About this exercise: Every line from the one holding "Coachava presents the" through the one holding "Hey guys, my" in the data below must be returned exactly, both ends included, with pictures left out and nothing else added.

Input:
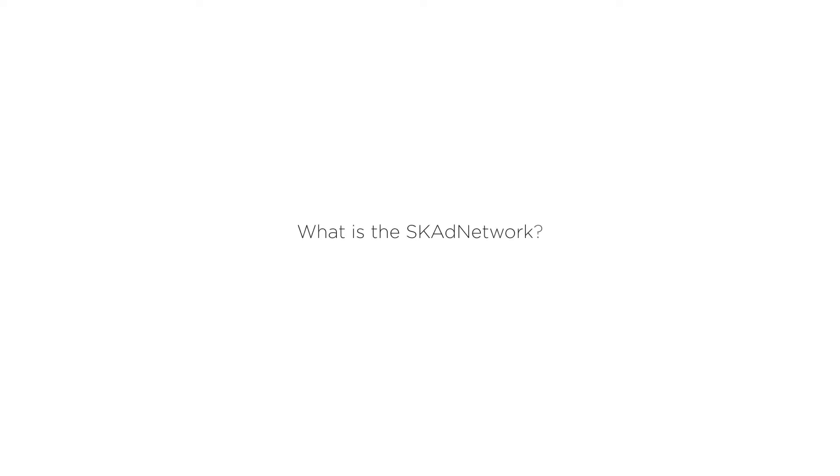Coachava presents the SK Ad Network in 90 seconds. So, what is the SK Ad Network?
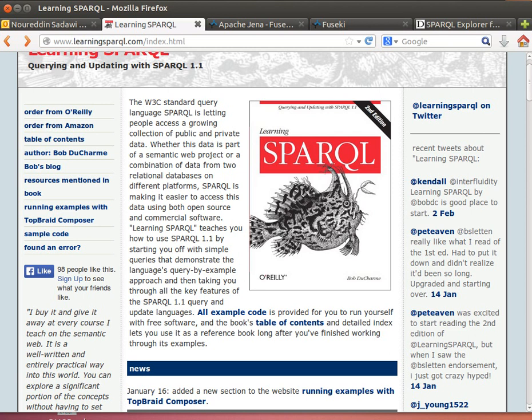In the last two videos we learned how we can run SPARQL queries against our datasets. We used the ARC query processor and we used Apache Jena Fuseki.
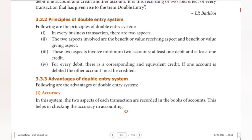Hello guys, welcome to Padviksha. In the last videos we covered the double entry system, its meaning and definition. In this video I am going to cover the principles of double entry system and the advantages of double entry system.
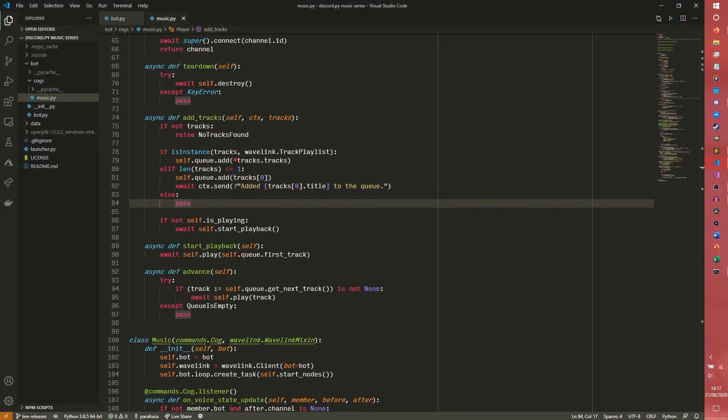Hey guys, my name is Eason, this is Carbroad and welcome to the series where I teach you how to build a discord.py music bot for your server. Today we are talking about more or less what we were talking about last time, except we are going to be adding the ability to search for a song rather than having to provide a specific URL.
---
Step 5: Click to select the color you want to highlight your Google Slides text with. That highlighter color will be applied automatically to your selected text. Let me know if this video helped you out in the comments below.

Solved problem:
Coachava presents the SK Ad Network in 90 seconds. So, what is the SK Ad Network?
In the last two videos we learned how we can run SPARQL queries against our datasets. We used the ARC query processor and we used Apache Jena Fuseki.
Hello guys, welcome to Padviksha. In the last videos we covered the double entry system, its meaning and definition. In this video I am going to cover the principles of double entry system and the advantages of double entry system.
Hey guys, my name is Eason, this is Carbroad and welcome to the series where I teach you how to build a discord.py music bot for your server. Today we are talking about more or less what we were talking about last time, except we are going to be adding the ability to search for a song rather than having to provide a specific URL.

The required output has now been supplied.